Every record must come back exactly as given.

────────────────────────────────────────

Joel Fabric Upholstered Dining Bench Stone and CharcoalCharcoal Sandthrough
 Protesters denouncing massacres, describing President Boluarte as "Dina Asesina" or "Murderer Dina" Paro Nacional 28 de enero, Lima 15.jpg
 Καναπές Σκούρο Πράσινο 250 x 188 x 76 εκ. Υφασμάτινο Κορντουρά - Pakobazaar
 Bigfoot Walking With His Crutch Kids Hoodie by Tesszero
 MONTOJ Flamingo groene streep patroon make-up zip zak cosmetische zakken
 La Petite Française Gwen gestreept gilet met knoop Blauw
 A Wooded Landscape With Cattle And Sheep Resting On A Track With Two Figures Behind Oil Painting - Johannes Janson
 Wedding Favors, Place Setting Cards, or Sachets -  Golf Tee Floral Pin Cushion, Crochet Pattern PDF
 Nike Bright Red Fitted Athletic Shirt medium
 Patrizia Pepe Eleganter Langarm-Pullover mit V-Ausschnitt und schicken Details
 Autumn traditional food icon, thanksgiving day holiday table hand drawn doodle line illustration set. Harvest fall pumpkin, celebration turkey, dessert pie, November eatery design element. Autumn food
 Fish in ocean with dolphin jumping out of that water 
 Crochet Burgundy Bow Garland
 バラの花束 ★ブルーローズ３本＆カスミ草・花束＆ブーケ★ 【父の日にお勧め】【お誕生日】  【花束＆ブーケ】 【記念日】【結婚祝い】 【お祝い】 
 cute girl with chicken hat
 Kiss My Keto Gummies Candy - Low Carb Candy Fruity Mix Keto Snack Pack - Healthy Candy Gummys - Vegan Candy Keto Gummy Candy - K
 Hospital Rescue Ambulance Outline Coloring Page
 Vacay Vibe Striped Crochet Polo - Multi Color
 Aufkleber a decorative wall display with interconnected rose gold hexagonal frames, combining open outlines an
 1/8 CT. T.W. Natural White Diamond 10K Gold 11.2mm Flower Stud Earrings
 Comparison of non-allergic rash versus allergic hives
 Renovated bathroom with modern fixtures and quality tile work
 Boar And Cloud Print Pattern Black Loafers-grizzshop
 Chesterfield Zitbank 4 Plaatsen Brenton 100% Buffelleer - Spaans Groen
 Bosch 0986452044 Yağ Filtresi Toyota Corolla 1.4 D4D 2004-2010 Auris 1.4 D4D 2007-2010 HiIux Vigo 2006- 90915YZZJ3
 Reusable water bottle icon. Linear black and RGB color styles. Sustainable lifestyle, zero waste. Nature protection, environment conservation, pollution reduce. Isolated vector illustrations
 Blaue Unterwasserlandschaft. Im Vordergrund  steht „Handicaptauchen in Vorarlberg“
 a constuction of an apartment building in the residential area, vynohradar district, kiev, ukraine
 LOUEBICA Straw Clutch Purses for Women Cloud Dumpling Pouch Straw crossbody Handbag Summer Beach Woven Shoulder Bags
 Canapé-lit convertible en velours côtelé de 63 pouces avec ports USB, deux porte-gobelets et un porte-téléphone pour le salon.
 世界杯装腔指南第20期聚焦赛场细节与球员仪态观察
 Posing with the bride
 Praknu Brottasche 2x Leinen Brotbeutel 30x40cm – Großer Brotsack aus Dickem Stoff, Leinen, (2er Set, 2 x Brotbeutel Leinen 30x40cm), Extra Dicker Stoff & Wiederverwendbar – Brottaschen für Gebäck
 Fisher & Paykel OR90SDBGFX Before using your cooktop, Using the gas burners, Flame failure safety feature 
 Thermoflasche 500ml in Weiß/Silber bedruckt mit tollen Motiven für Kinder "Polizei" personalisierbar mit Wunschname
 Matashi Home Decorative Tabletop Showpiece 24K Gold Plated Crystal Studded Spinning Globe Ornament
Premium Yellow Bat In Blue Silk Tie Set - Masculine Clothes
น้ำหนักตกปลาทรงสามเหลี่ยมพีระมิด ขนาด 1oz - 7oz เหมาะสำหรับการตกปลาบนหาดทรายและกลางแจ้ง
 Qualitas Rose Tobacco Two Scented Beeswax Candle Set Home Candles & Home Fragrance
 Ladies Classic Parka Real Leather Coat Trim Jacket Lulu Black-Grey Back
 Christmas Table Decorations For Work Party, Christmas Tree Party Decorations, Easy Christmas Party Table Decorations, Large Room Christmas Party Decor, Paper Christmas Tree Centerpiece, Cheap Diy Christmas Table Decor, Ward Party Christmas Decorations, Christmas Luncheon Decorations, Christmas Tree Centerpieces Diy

────────────────────────────────────────

_SOLUTION_:
Joel Fabric Upholstered Dining Bench Stone and CharcoalCharcoal Sandthrough
 Protesters denouncing massacres, describing President Boluarte as "Dina Asesina" or "Murderer Dina" Paro Nacional 28 de enero, Lima 15.jpg
 Καναπές Σκούρο Πράσινο 250 x 188 x 76 εκ. Υφασμάτινο Κορντουρά - Pakobazaar
 Bigfoot Walking With His Crutch Kids Hoodie by Tesszero
 MONTOJ Flamingo groene streep patroon make-up zip zak cosmetische zakken
 La Petite Française Gwen gestreept gilet met knoop Blauw
 A Wooded Landscape With Cattle And Sheep Resting On A Track With Two Figures Behind Oil Painting - Johannes Janson
 Wedding Favors, Place Setting Cards, or Sachets -  Golf Tee Floral Pin Cushion, Crochet Pattern PDF
 Nike Bright Red Fitted Athletic Shirt medium
 Patrizia Pepe Eleganter Langarm-Pullover mit V-Ausschnitt und schicken Details
 Autumn traditional food icon, thanksgiving day holiday table hand drawn doodle line illustration set. Harvest fall pumpkin, celebration turkey, dessert pie, November eatery design element. Autumn food
 Fish in ocean with dolphin jumping out of that water 
 Crochet Burgundy Bow Garland
 バラの花束 ★ブルーローズ３本＆カスミ草・花束＆ブーケ★ 【父の日にお勧め】【お誕生日】  【花束＆ブーケ】 【記念日】【結婚祝い】 【お祝い】 
 cute girl with chicken hat
 Kiss My Keto Gummies Candy - Low Carb Candy Fruity Mix Keto Snack Pack - Healthy Candy Gummys - Vegan Candy Keto Gummy Candy - K
 Hospital Rescue Ambulance Outline Coloring Page
 Vacay Vibe Striped Crochet Polo - Multi Color
 Aufkleber a decorative wall display with interconnected rose gold hexagonal frames, combining open outlines an
 1/8 CT. T.W. Natural White Diamond 10K Gold 11.2mm Flower Stud Earrings
 Comparison of non-allergic rash versus allergic hives
 Renovated bathroom with modern fixtures and quality tile work
 Boar And Cloud Print Pattern Black Loafers-grizzshop
 Chesterfield Zitbank 4 Plaatsen Brenton 100% Buffelleer - Spaans Groen
 Bosch 0986452044 Yağ Filtresi Toyota Corolla 1.4 D4D 2004-2010 Auris 1.4 D4D 2007-2010 HiIux Vigo 2006- 90915YZZJ3
 Reusable water bottle icon. Linear black and RGB color styles. Sustainable lifestyle, zero waste. Nature protection, environment conservation, pollution reduce. Isolated vector illustrations
 Blaue Unterwasserlandschaft. Im Vordergrund  steht „Handicaptauchen in Vorarlberg“
 a constuction of an apartment building in the residential area, vynohradar district, kiev, ukraine
 LOUEBICA Straw Clutch Purses for Women Cloud Dumpling Pouch Straw crossbody Handbag Summer Beach Woven Shoulder Bags
 Canapé-lit convertible en velours côtelé de 63 pouces avec ports USB, deux porte-gobelets et un porte-téléphone pour le salon.
 世界杯装腔指南第20期聚焦赛场细节与球员仪态观察
 Posing with the bride
 Praknu Brottasche 2x Leinen Brotbeutel 30x40cm – Großer Brotsack aus Dickem Stoff, Leinen, (2er Set, 2 x Brotbeutel Leinen 30x40cm), Extra Dicker Stoff & Wiederverwendbar – Brottaschen für Gebäck
 Fisher & Paykel OR90SDBGFX Before using your cooktop, Using the gas burners, Flame failure safety feature 
 Thermoflasche 500ml in Weiß/Silber bedruckt mit tollen Motiven für Kinder "Polizei" personalisierbar mit Wunschname
 Matashi Home Decorative Tabletop Showpiece 24K Gold Plated Crystal Studded Spinning Globe Ornament
Premium Yellow Bat In Blue Silk Tie Set - Masculine Clothes
น้ำหนักตกปลาทรงสามเหลี่ยมพีระมิด ขนาด 1oz - 7oz เหมาะสำหรับการตกปลาบนหาดทรายและกลางแจ้ง
 Qualitas Rose Tobacco Two Scented Beeswax Candle Set Home Candles & Home Fragrance
 Ladies Classic Parka Real Leather Coat Trim Jacket Lulu Black-Grey Back
 Christmas Table Decorations For Work Party, Christmas Tree Party Decorations, Easy Christmas Party Table Decorations, Large Room Christmas Party Decor, Paper Christmas Tree Centerpiece, Cheap Diy Christmas Table Decor, Ward Party Christmas Decorations, Christmas Luncheon Decorations, Christmas Tree Centerpieces Diy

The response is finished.